START DATA BELOW

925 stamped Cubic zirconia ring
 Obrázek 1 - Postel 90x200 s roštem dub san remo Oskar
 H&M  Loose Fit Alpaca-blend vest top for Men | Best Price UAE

END DATA BELOW

→ **WORK REQUEST**:
Return all of the material verbatim, with no line left out.

→ **TASK OUTPUT**:
925 stamped Cubic zirconia ring
 Obrázek 1 - Postel 90x200 s roštem dub san remo Oskar
 H&M  Loose Fit Alpaca-blend vest top for Men | Best Price UAE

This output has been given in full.